| Stored data |
________________________
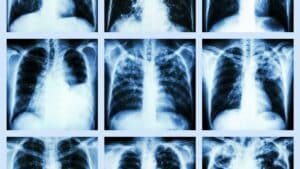 What Is the Life Expectancy for Bronchiectasis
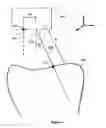 Fig. 07 - Optical coherence tomography imaging
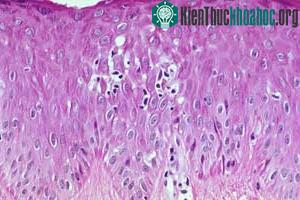 Khuẩn enterovirus 71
________________________
Please set down every line of the listing verbatim, excluding its pictures.

 What Is the Life Expectancy for Bronchiectasis
 Fig. 07 - Optical coherence tomography imaging
 Khuẩn enterovirus 71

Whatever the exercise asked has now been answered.